··· Records to process ···

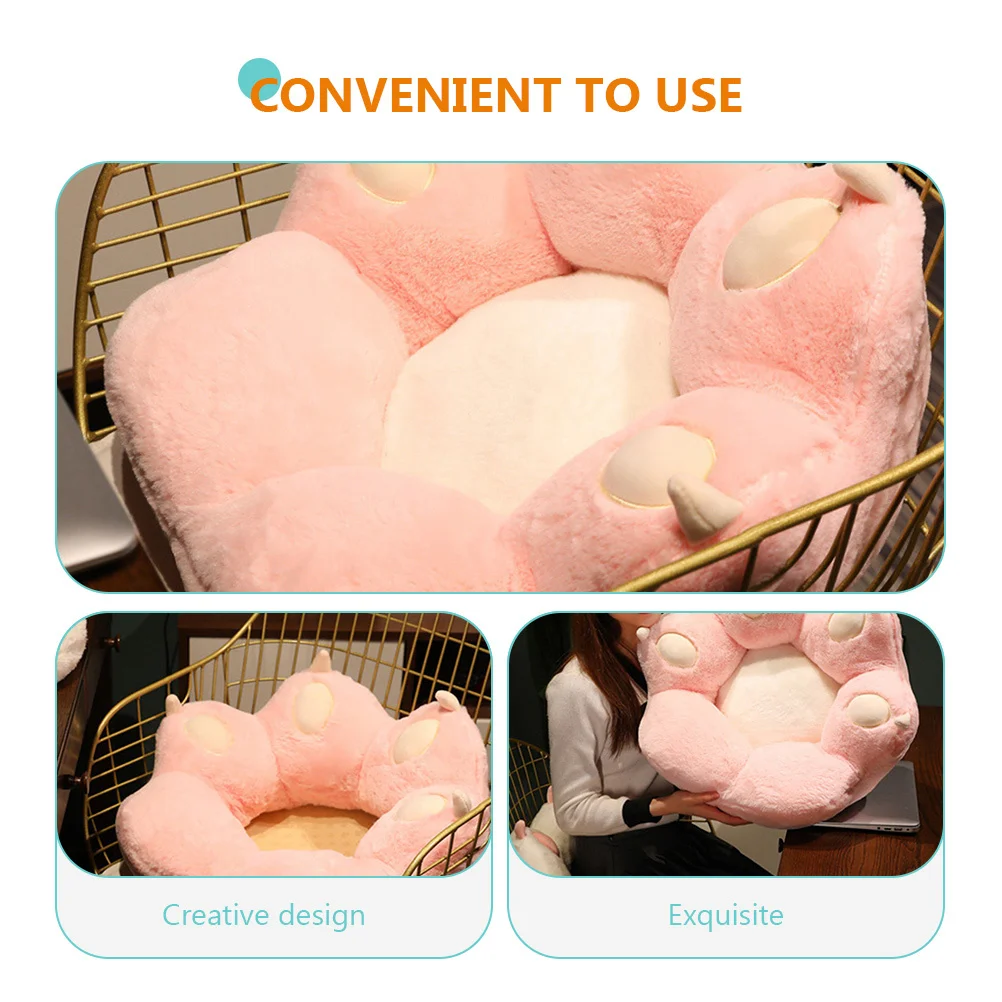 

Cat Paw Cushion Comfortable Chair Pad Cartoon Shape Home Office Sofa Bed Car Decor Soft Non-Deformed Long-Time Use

···
··· Records to process ···

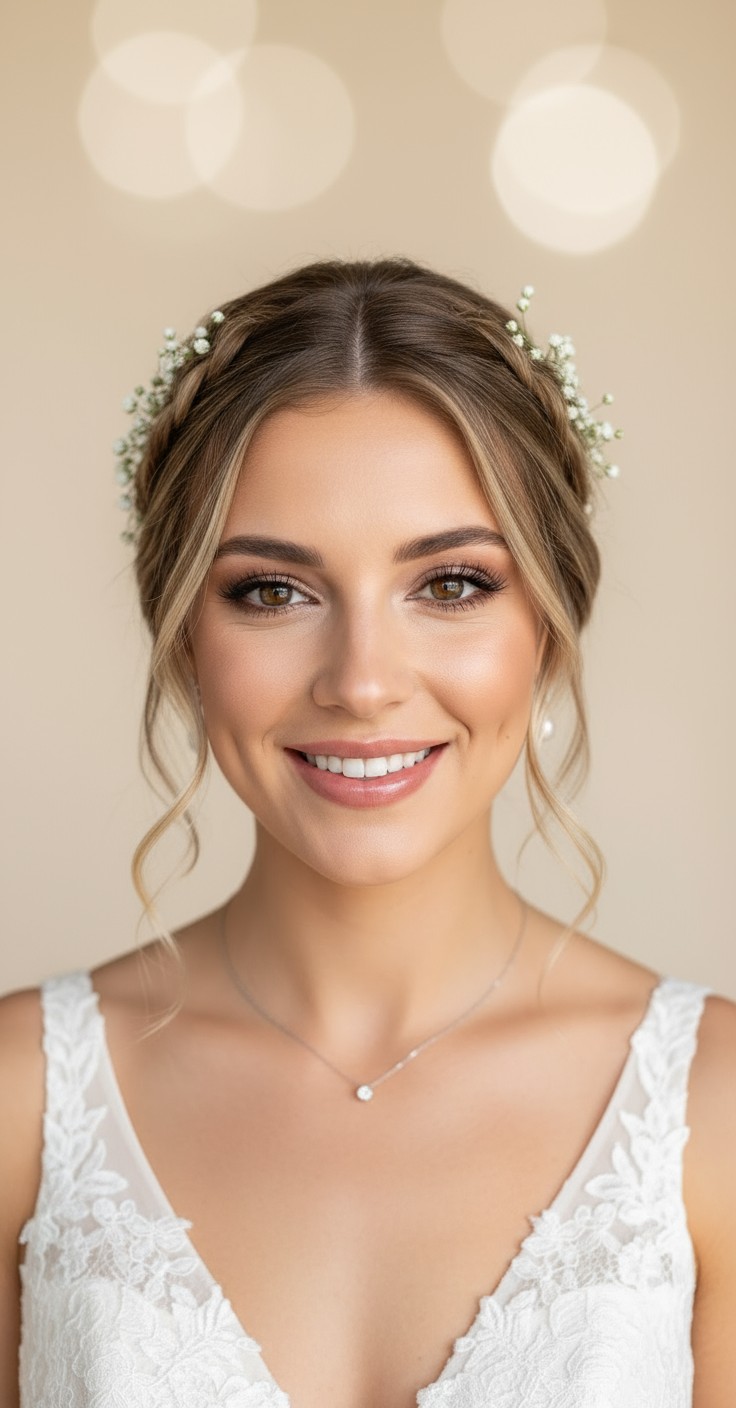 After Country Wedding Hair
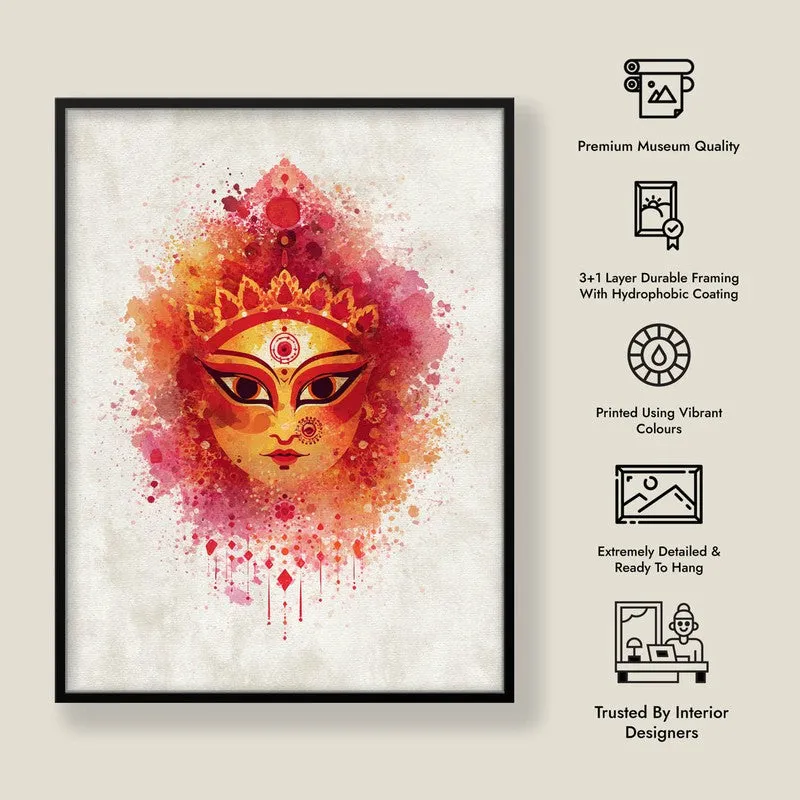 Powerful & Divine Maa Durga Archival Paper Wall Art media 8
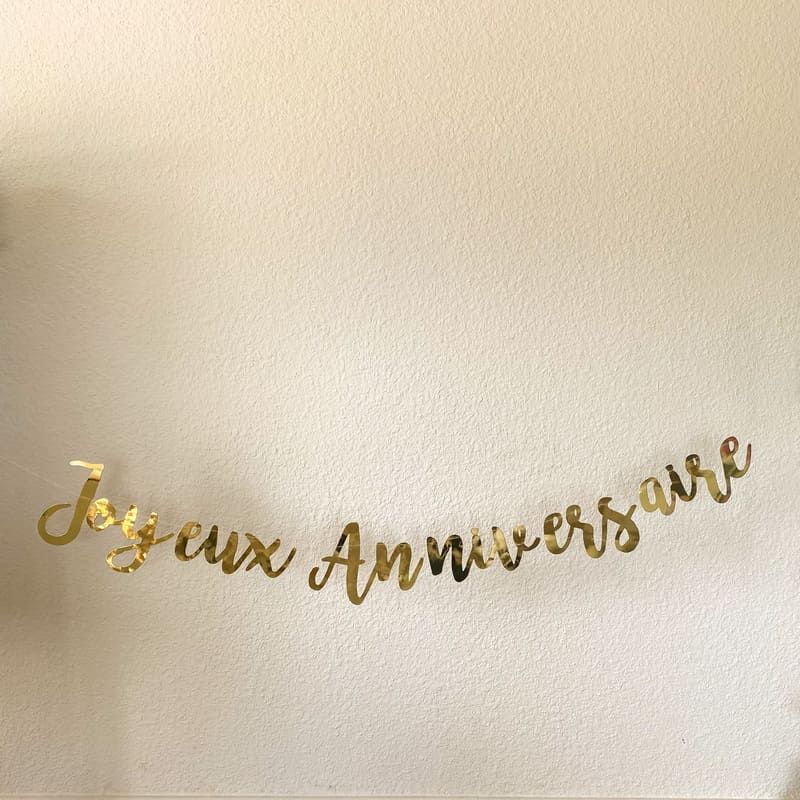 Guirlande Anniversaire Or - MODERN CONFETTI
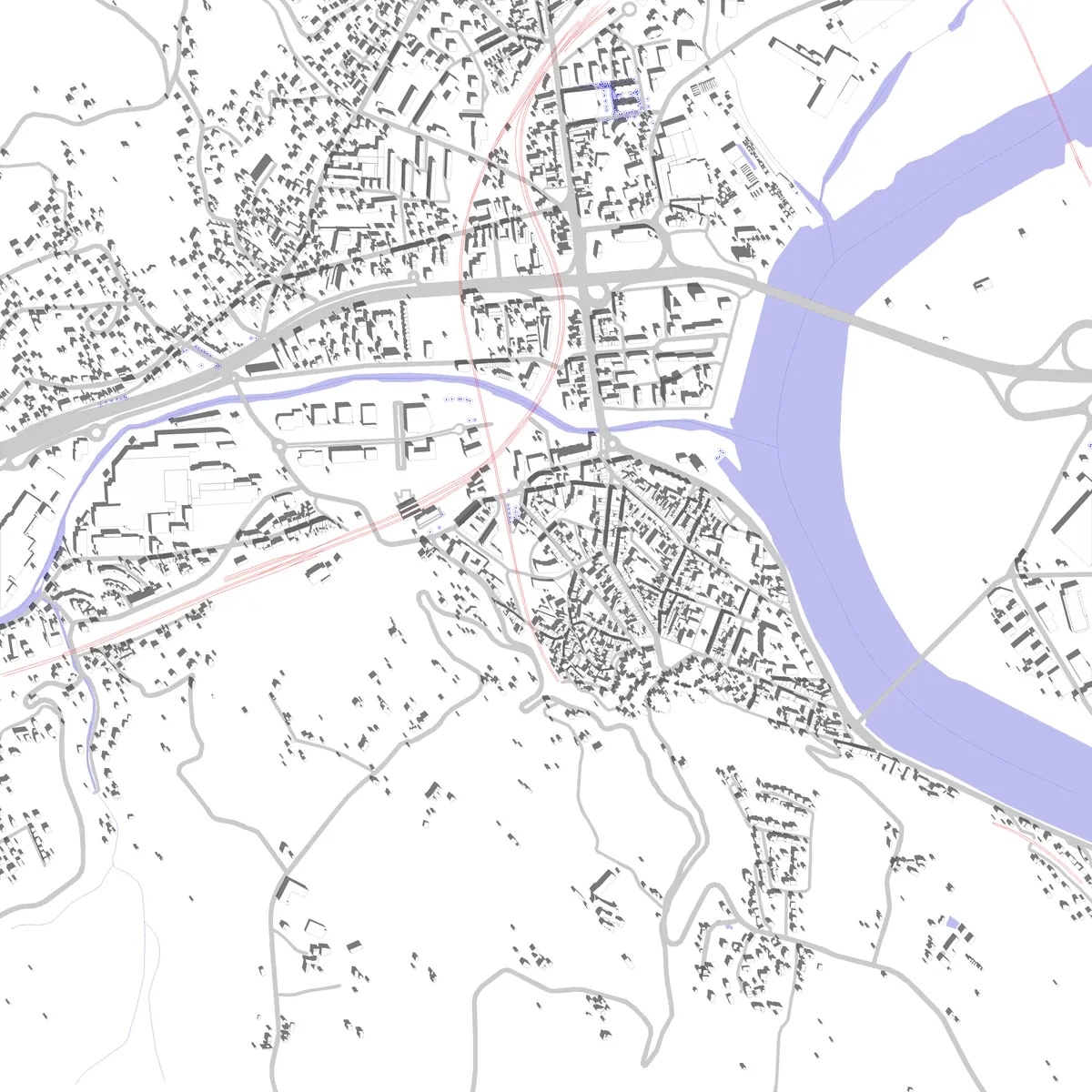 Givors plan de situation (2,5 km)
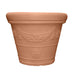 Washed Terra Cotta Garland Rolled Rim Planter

···

Above are some entries. Restate word for word the lines from the one holding "After Country Wedding Hair" through the one holding "Washed Terra Cotta", but not the pictures.

Finished exercise.
 After Country Wedding Hair
 Powerful & Divine Maa Durga Archival Paper Wall Art media 8
 Guirlande Anniversaire Or - MODERN CONFETTI
 Givors plan de situation (2,5 km)
 Washed Terra Cotta Garland Rolled Rim Planter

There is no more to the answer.